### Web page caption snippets
┄┄┄┄┄┄┄┄┄┄
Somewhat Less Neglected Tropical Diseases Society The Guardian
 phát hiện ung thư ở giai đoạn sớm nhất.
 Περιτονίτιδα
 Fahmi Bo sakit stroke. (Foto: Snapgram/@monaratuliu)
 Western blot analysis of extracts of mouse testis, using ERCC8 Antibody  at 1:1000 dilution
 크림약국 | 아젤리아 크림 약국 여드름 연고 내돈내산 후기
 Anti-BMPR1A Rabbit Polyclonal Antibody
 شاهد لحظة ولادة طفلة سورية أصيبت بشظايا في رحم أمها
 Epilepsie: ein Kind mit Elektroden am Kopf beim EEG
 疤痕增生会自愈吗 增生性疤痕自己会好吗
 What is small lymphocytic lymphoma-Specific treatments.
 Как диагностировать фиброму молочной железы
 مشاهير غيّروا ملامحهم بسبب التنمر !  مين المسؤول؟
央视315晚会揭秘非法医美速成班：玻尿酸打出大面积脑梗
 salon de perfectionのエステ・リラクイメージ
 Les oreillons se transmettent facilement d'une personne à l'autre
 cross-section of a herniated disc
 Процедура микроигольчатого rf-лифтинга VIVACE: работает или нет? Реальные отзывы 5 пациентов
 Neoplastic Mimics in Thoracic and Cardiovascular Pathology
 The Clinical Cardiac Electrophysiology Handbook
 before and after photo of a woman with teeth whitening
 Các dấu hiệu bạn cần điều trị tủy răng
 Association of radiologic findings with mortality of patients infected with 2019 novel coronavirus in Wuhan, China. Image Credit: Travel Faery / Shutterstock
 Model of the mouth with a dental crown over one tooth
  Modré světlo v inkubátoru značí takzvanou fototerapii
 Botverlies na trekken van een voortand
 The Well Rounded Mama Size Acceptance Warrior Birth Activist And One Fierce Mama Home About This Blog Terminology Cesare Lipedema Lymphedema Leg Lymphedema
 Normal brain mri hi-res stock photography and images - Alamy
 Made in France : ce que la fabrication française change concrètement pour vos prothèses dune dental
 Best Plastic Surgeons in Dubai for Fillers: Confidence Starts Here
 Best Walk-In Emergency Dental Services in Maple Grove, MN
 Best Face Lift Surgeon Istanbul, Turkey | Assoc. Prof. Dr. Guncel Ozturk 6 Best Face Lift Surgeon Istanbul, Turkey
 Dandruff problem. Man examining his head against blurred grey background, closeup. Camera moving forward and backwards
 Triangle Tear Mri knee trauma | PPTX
┄┄┄┄┄┄┄┄┄┄
Return exactly the line that contains "Normal brain mri" and every line after it, through the last line of the records.

 Normal brain mri hi-res stock photography and images - Alamy
 Made in France : ce que la fabrication française change concrètement pour vos prothèses dune dental
 Best Plastic Surgeons in Dubai for Fillers: Confidence Starts Here
 Best Walk-In Emergency Dental Services in Maple Grove, MN
 Best Face Lift Surgeon Istanbul, Turkey | Assoc. Prof. Dr. Guncel Ozturk 6 Best Face Lift Surgeon Istanbul, Turkey
 Dandruff problem. Man examining his head against blurred grey background, closeup. Camera moving forward and backwards
 Triangle Tear Mri knee trauma | PPTX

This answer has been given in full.